Pre-tax profits fell 38% to £725m.

SSE saw household electricity customer accounts drop to 3.46m from 3.82m - while gas accounts fell to 2.32m from 2.53m in 2017-18.

The company is still trying to confirm a buyer for its retail customer division, after a planned merger with rival energy firm NPower collapsed.

SSE shares dropped by 3% after the annual results were announced.

Chief executive Alistair Phillips-Davies said the Perth-based company would continue to invest millions of pounds in green energy projects.

Chairman's departure

The company also confirmed it has set a deadline for its chairman Richard Gillingwater's departure, saying he will leave his position no later than 31 March 2021.

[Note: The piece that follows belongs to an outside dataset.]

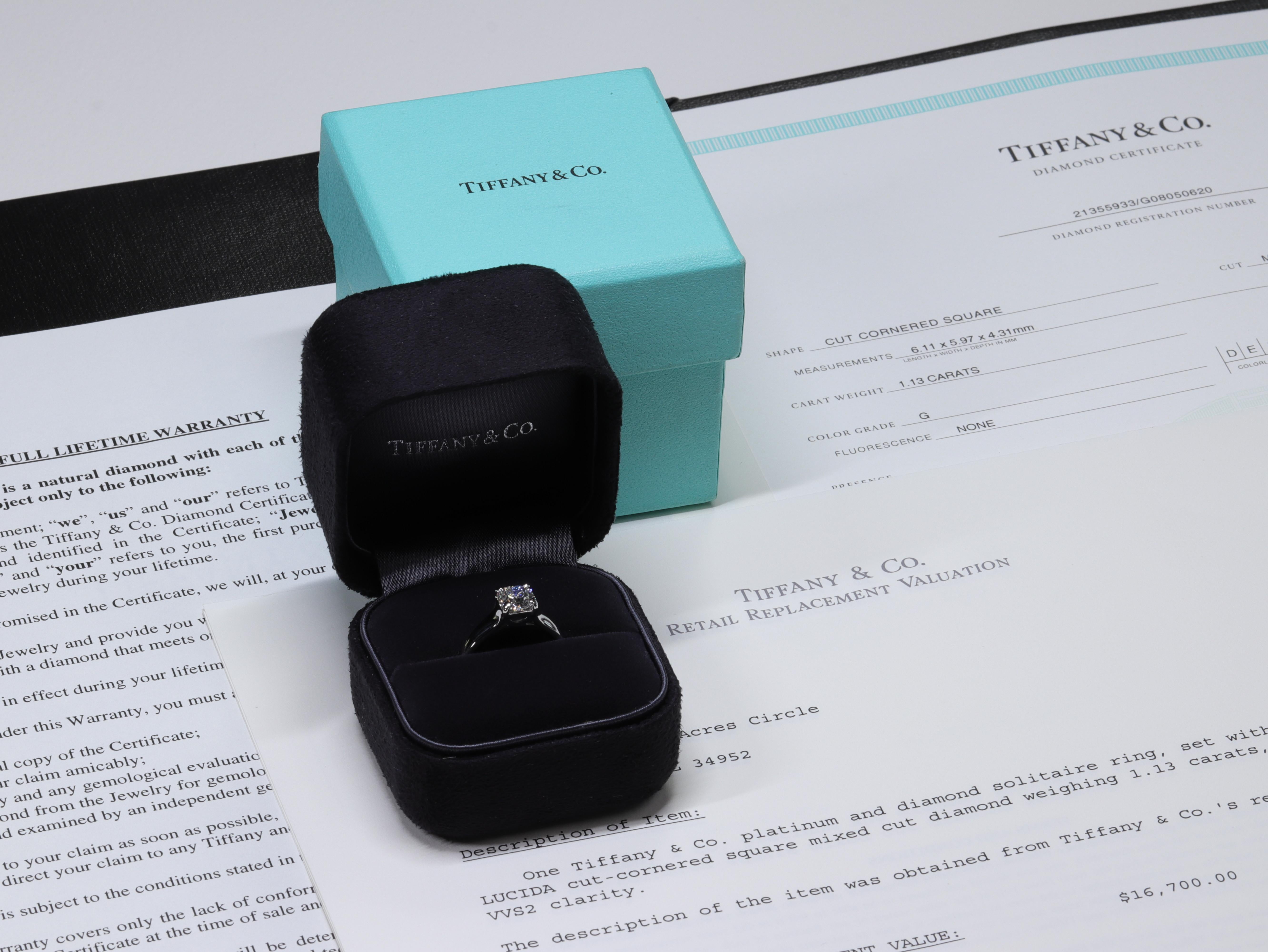 Tiffany & Co. 1.13ct G VVS2 Lucida Radiant Cut Solitaire Engagement Ring For Sale 4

Mr Gillingwater said: "While our financial results clearly fell well short of what we hoped to achieve at the start of the year, we've made significant progress towards our ambition to be a leading energy company in a low-carbon world."

He said the company had:

  • Continued to develop its core businesses of regulated energy networks and renewables
  • Demonstrated its ability to create and unlock value from developing and operating, as well as owning, assets
  • Adopted clear long-term goals to set up the business for long-term success.

Mr Gillingwater added: "The fundamental strengths of our business and the strategic opportunities afforded by the transition to a low-carbon economy will support the delivery of our five-year dividend plan and creation of value for society as a whole."